Copy out each line below verbatim, skipping any picture.

- [Extracted information]
————————

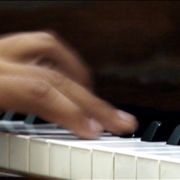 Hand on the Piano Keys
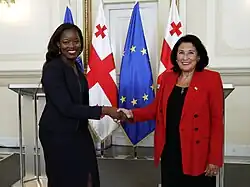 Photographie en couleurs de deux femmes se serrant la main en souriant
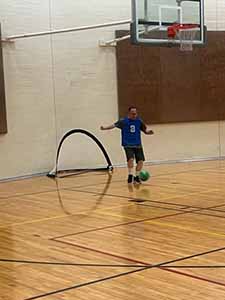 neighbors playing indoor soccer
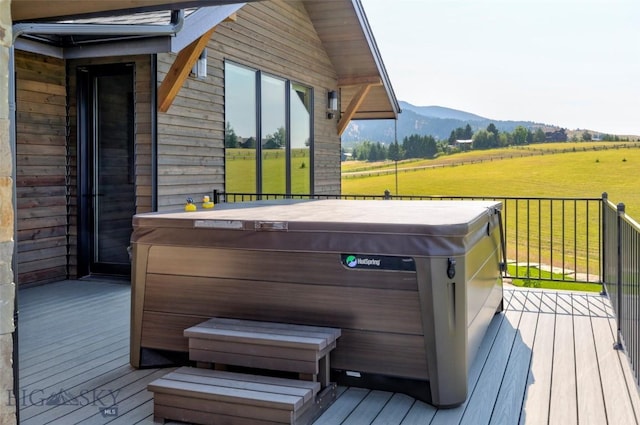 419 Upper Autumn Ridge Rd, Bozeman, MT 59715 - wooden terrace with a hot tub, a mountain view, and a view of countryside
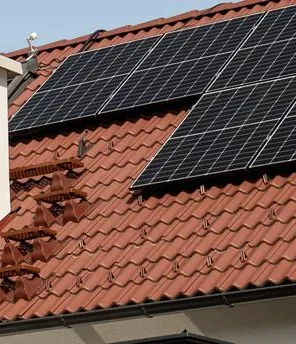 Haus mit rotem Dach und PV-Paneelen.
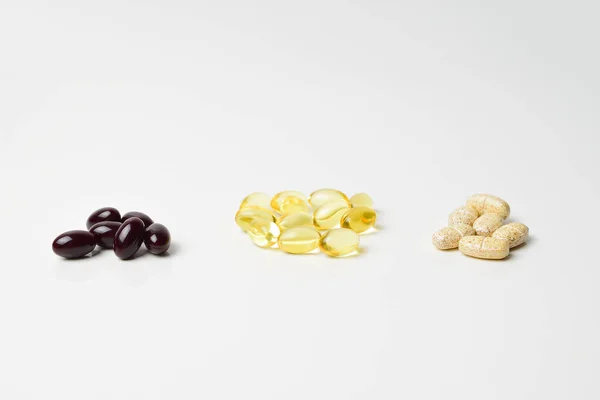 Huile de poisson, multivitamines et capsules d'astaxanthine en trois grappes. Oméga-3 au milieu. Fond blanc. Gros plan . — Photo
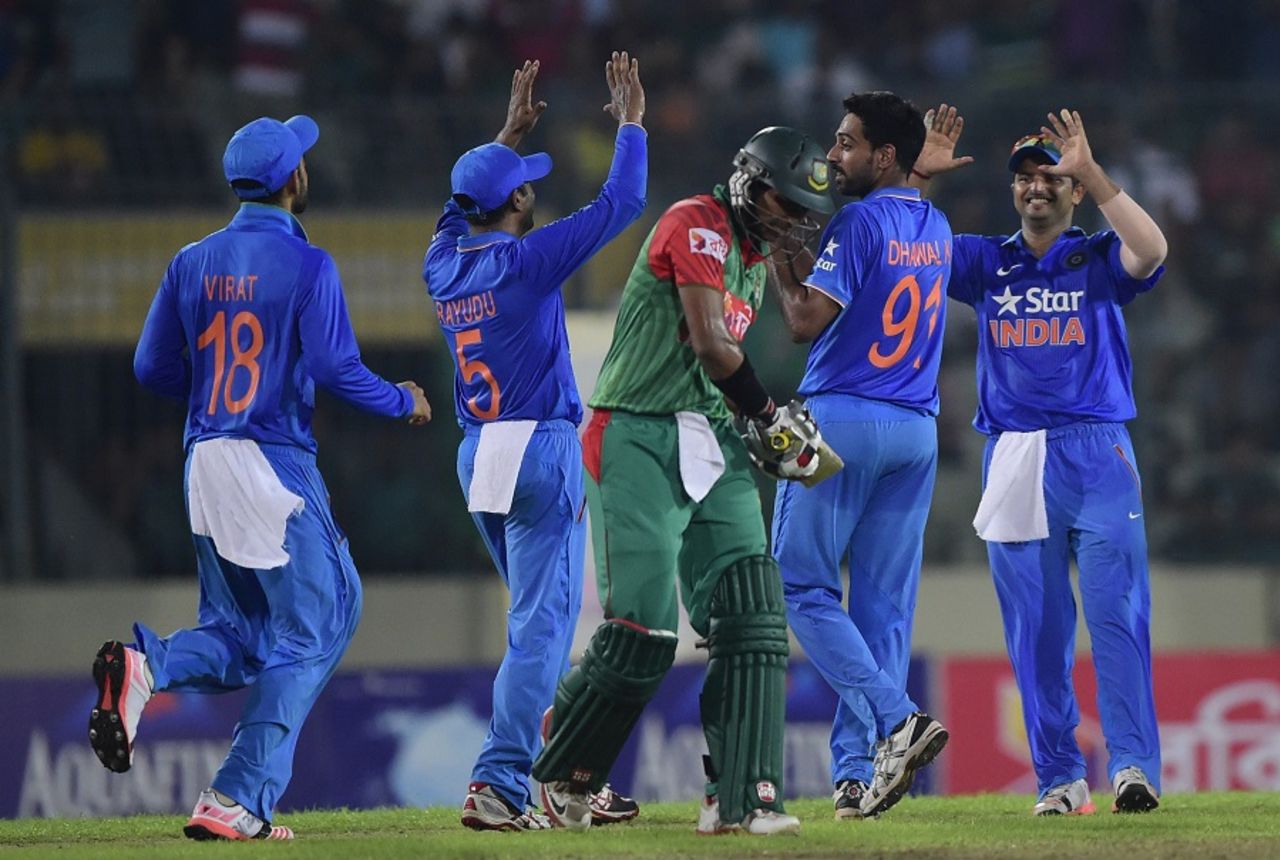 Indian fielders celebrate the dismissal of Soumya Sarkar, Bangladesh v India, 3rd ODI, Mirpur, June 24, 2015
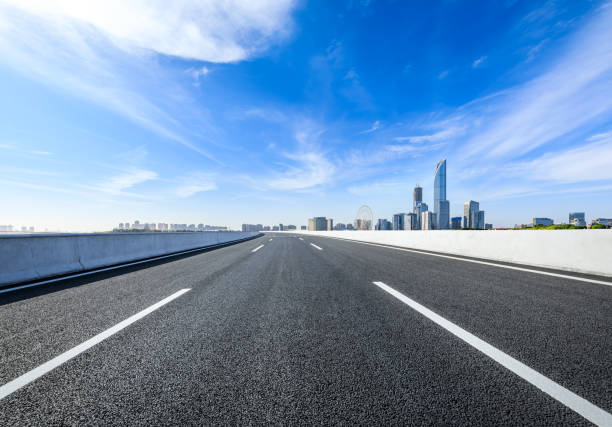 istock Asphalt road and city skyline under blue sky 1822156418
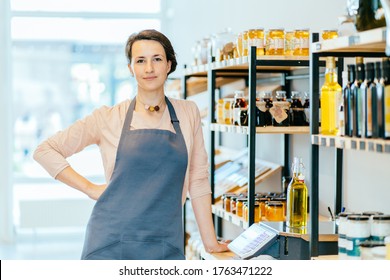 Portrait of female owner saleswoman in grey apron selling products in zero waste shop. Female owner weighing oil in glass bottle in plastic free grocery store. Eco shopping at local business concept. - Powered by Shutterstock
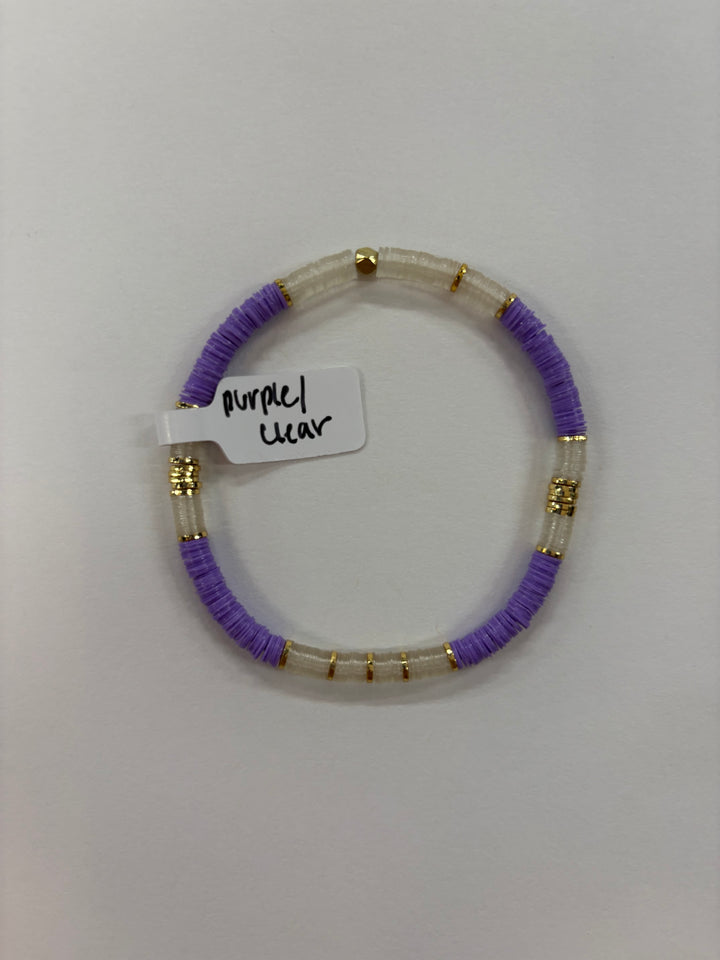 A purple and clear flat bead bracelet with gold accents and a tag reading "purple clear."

————————

- [Answer for this exercise]
 Hand on the Piano Keys
 Photographie en couleurs de deux femmes se serrant la main en souriant
 neighbors playing indoor soccer
 419 Upper Autumn Ridge Rd, Bozeman, MT 59715 - wooden terrace with a hot tub, a mountain view, and a view of countryside
 Haus mit rotem Dach und PV-Paneelen.
 Huile de poisson, multivitamines et capsules d'astaxanthine en trois grappes. Oméga-3 au milieu. Fond blanc. Gros plan . — Photo
 Indian fielders celebrate the dismissal of Soumya Sarkar, Bangladesh v India, 3rd ODI, Mirpur, June 24, 2015
 istock Asphalt road and city skyline under blue sky 1822156418
 Portrait of female owner saleswoman in grey apron selling products in zero waste shop. Female owner weighing oil in glass bottle in plastic free grocery store. Eco shopping at local business concept. - Powered by Shutterstock
 A purple and clear flat bead bracelet with gold accents and a tag reading "purple clear."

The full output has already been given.